Thread: partial vacuum

partial vacuum

From
Satoshi Nagayasu
Date:
Hi all,

I'm thinking about "partial (or range) vacuum" feature.

As you know, vacuum process scans and re-organizes a whole table,
so huge cpu load will be generated when vacuuming a large table,
and it will take long time (in some cases, it may take 10 minutes
or more).

Huge vacuum process hits a system performance.
Otherwise, dead tuples also hit the performance.

So, I imagine if the vacuum process can be done partially,
the huge vacuum load can be parted, and the performance penalty
of the vacuum can be reduced(parted).

"partial (or range) vacuum" means vacuuming a part of the table.

For example, if you have 10 Gbytes table,
you can execute vacuum partially, 10 times, 1 Gbytes each.

Attached patch extends vacuum syntax and lazy_scan_heap() function.
Backend can process the partial vacuum command as below:

psql$ vacuum table1 (0, 100);

In the above command, "0" means start block number,
and "100" means end block number of the vacuum scan.

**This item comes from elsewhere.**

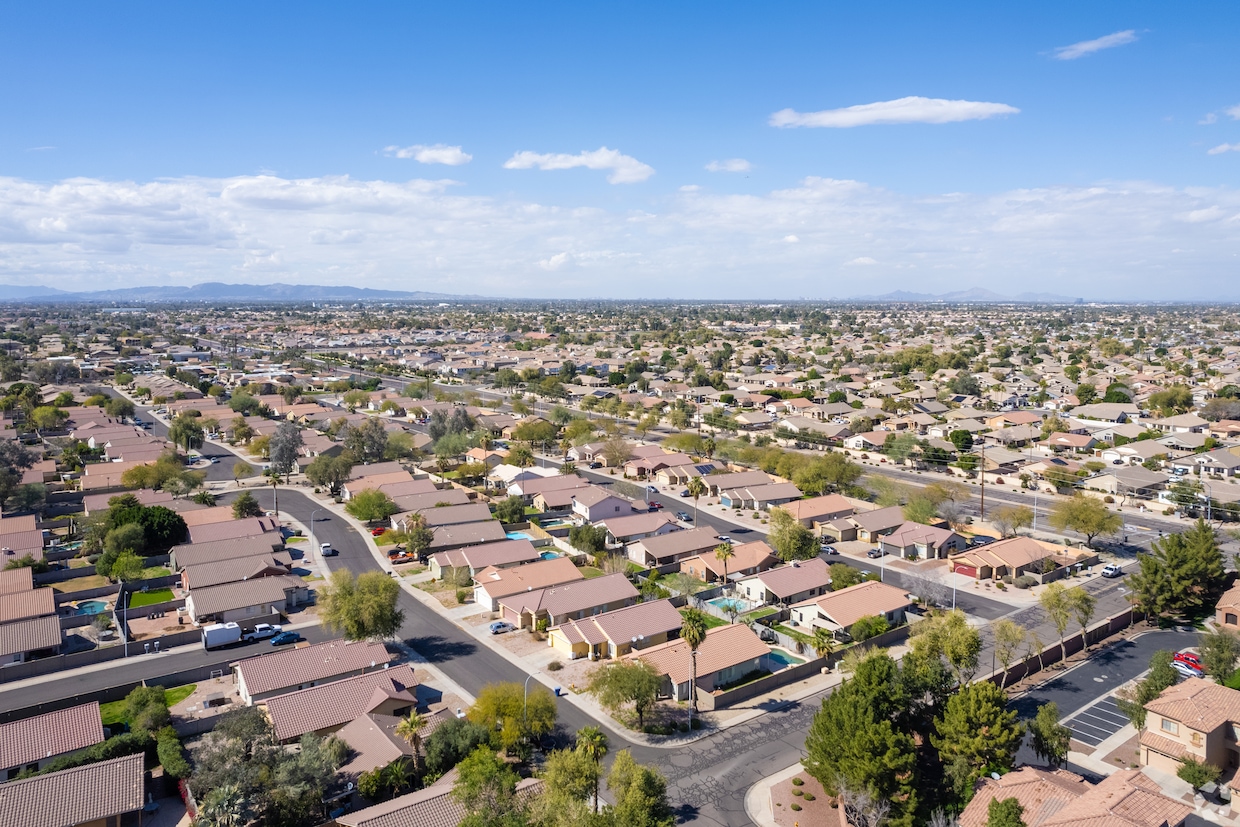 Policies limiting the use of natural gas are making residential electricity pricier. (Eric Nagaran/CoStar)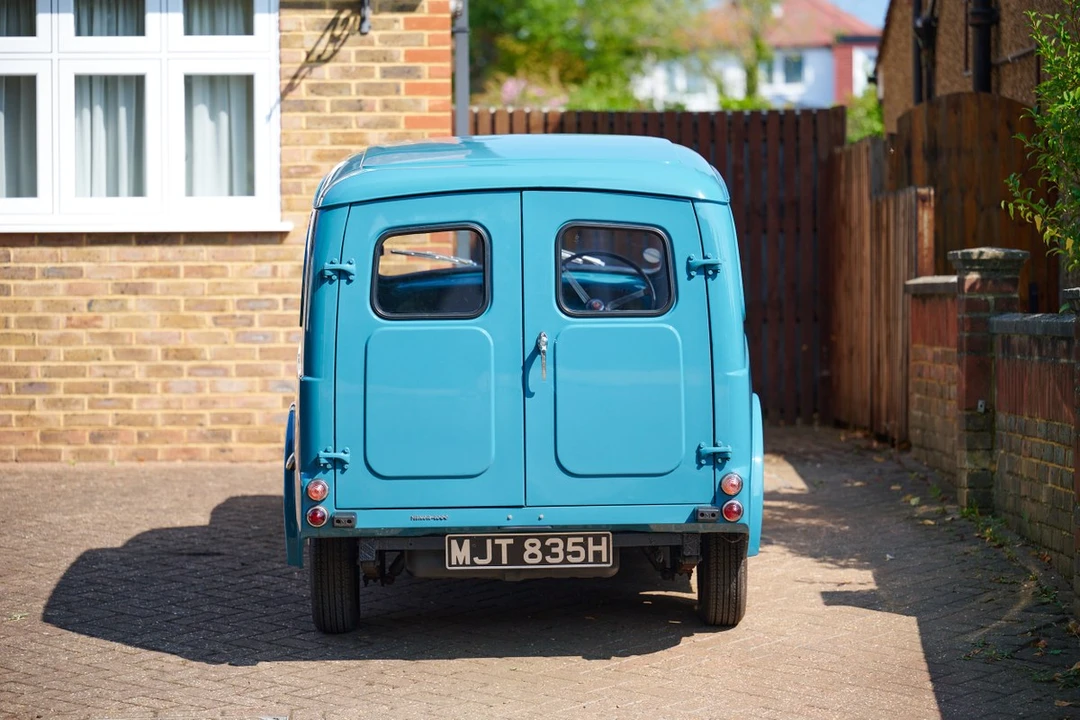 1970 Morris Minor - Image 6 of 30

Attached image contains three graphs generated with pgstatpage()
function (also attached).

1.) distribution of freespace of the "tellers" table after pgbench.
2.) after partial vacuum, between 200 block and 400 block.
3.) after pgbench running again.

(X-axis: block number, Y-axis: freespace size of a page)

I think the partial vacuum and intelligent pg_autovacuum
makes postgres backend near to vacuum-less.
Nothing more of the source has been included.